Kalaheo’s historical equivalent is Ray Higa‘s 0-10 Aiea team in 1978. That group rebounded to win three games the next year.
The Mustangs went all in on a sophomore quarterback this year, handing the reigns to Isaiah Akiu. Poole trusted Akiu to a complete 50-50 split between run and pass this season despite calling for passes on 39 percent of the snaps in last year’s 4-6 campaign.
Akiu was not shy about putting the ball in the air, passing the ball 230 times for 840 yards, the school’s most since Mark Lehrner in 2016. That was all compilation, though, as Akiu completed only 41 percent of his attempts and threw 15 interceptions to only one touchdown. Akiu played his best against the best teams, throwing only three of his interceptions against tri-leaders Roosevelt, Kaimuki and Kaiser.
The Mustangs could afford to ride with Akiu’s growing pains because a trusted senior was right there with him every step of the way. Jordan Neufeldt was a 50-percent passer in 18 attempts, but his main production came as a running back.

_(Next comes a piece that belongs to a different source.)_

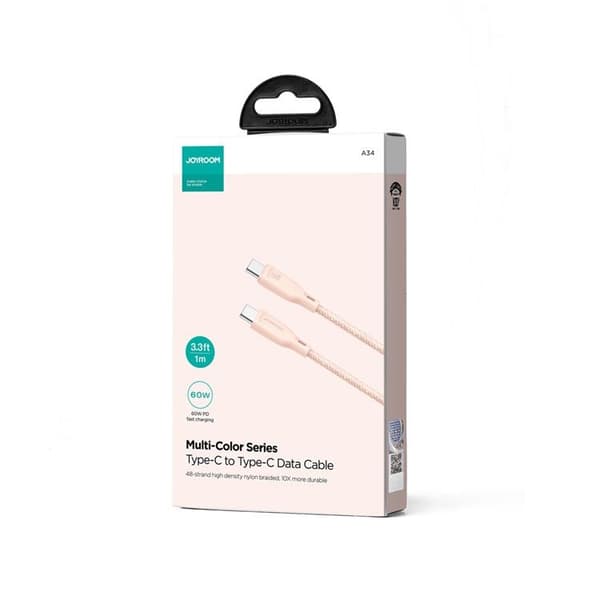 Joyroom USB-C till USB-C kabel 60W 1m Multi-Color - Rosa Rosa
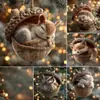 Decoraciones Navideñas de Ardilla Castaña y Erizo Transfronterizas Adornos para Árbol de Navidad Adornos Acrílicos Impresos Planos 2D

Neufeldt carried the ball 103 times for 462 yards and six touchdowns. Throw in his one receiving score, and Neufeldt broke the plane seven of the eight times the team made it that far, including four of them against Waialua. Bryson Johnson was the only other Mustang to score on offense. Neufeldt was the most productive running back for Kalaheo since Christian Johnson went over the century mark four times for Poole’s first team in 2012, and he did it without carrying the ball in the first two games. Senior Payton Barber carried the load in the first month, but didn’t carry the ball after it despite an outstanding 4.7 yards per carry.

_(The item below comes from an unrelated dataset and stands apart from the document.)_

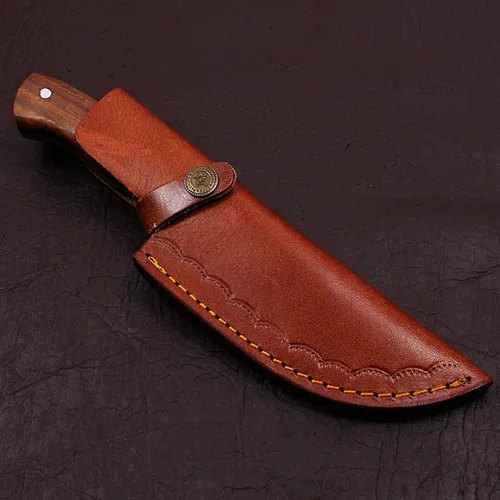 Vista 8 de Cuchillo de caza de hoja fija de 9 pulgadas, cuchillo de bushcraft, cuchillo de supervivencia al aire libre, cuchillo de campamento, cuchillo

Neufeldt started the season where he left off last year, as the top receiver. Despite being moved to the backfield, he finished it the same way. Neufeldt caught 26 passes for 249 yards and the touchdown to lead the team for the second straight season, the first to do that at the school since Zachary Lovelace a decade ago.
One benefit to Kalaheo’s embrace of the passing game this year was the emergence of so many talented receivers. Neufeldt was obviously the biggest threat, but four other receivers caught at least 10 passes and covered 100 yards. None of them had a chance to celebrate in the end zone, but seniors Jonah Lene and Izaiah Abordo both caught 20 passes with Johnson, Justin Taylor and Riis Webber, a freshman, needing to be accounted for.
The team will undoubtedly miss Neufeldt, but the Mustangs have plenty of players to take the fancy new field next year. That list begins with Akiu a year older and wiser, throwing to guys like Johnson and Taylor. Poole spent the majority of the year teaching his 10 freshman and seven sophomores, but with such a small roster they earned valuable varsity experience.